Leadership is managing change and dealing with crisis.



Black Swans are important events, either good or bad, that are highly improbable but happen nonetheless. Use of the term “Black Swan” is a metaphor for an event that is weird or unexplainable beforehand using logic. Nonetheless, Black Swans are explainable after the fact. Most are rare events that have an extreme impact on the business.  (Taleb, Nassim Nicholas. The Black Swan. New York: Random House, 2007.)

White Swans

Taleb states that most people don’t think black swans exist, simply by having seen only white ones. 

“We put a label on an event and use that knowledge to reason about the future. We use stereotyping and labeling for filling an unknown mental void. This creates a blindness that just may disallow us from recognizing a Black Swan even if it’s right in front of us.”

I believe that Black Swans could be considered the boldest definition of crisis.

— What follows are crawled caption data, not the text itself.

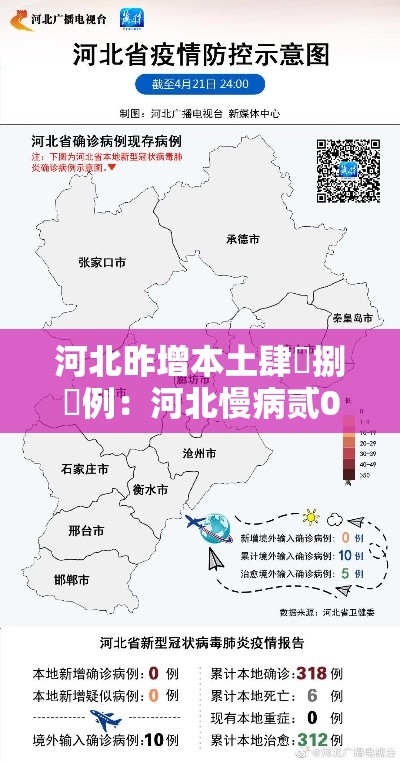 河北昨增本土肆無捌無例:河北慢病贰0贰陆新增了哪些 河北昨增本土肆無捌無例:河北慢病贰0贰陆新增了哪些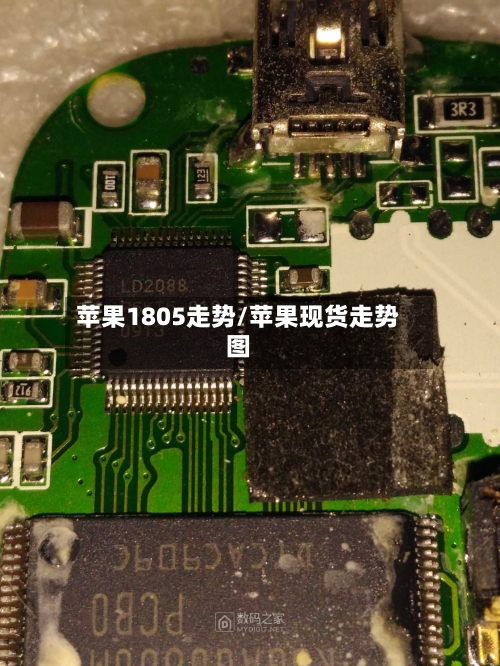 苹果1805走势/苹果现货走势图-第2张图片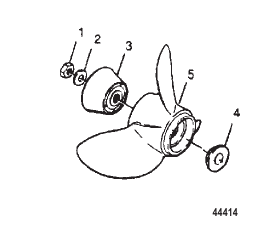 Straight Hub Propeller
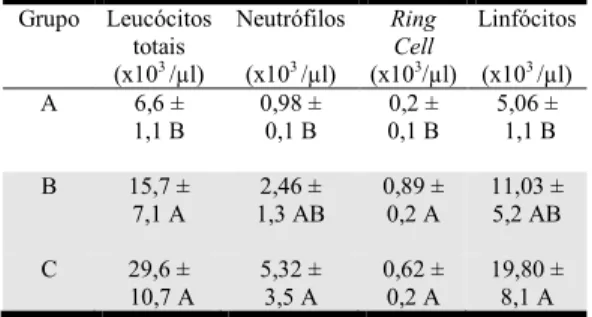 Tabela  11.  Valores  médios  de  hemácias,  hemoglobina  (Hb),  volume  globular  (VG),  volume  globular  médio  (VGM),  hemoglobina  globular  média  (HGM)  e  concentração  de  hemoglobina  globular  média  (CHGM)  de  ratos  dos grupos A (placebo), B 
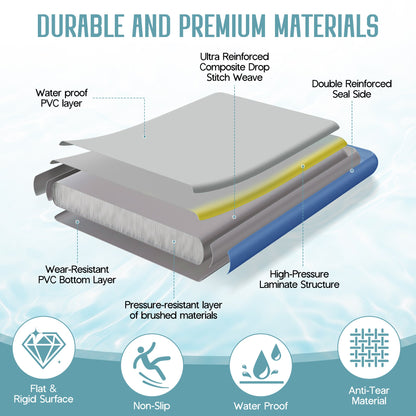 Ploov Inflatable Floating Dock Amerlife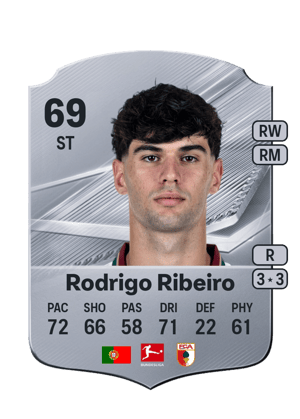 Rodrigo Ribeiro - 69 - Rare
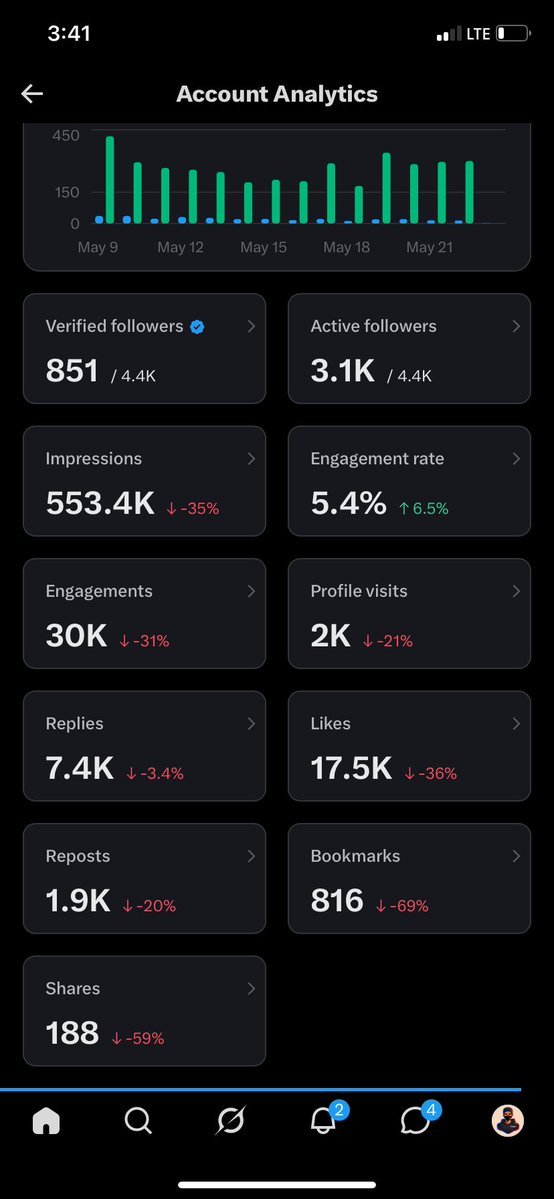 Meeky fx 🌎 tweet media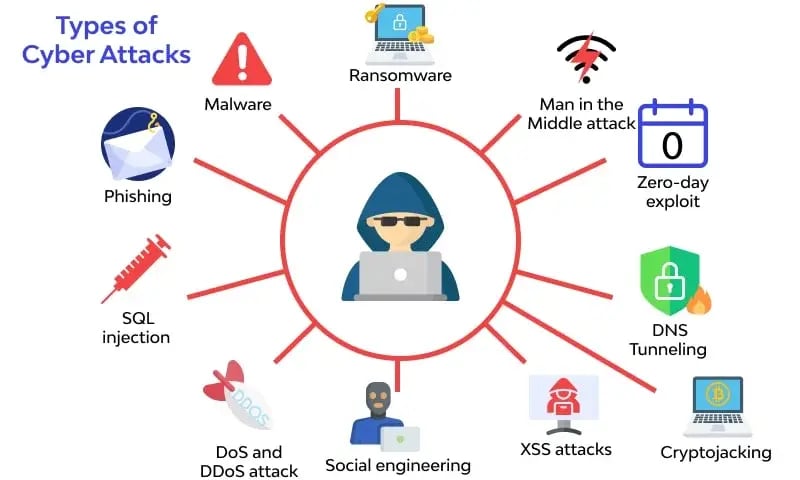 Types of Cyber Attacks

When you have seen only white swans in your life, you think that all swans are white. But it might be that you just haven’t recognized a Black Swan yet. Remember, Taleb defines a “Black Swan” as a highly improbable event, but with an enormous impact when it occurs. But, that doesn’t mean they can’t be recognized or predicted.

Recession

So, is the current recession a “Black Swan”? I don’t think so. The terrorist attack of 9/11 is believed to be a Black Swan. Was 9/11 predictable? Most say no. However, looking back, the signs were there. We just didn’t recognize them or coordinate our communications well enough to prevent it from happening. Today’s recession may not be a Black Swan, but how this country reacts to this crisis - combined with the challenges of the global economy, nuclear proliferation and dealing with the rogue nations of the world - could create a Black Swan.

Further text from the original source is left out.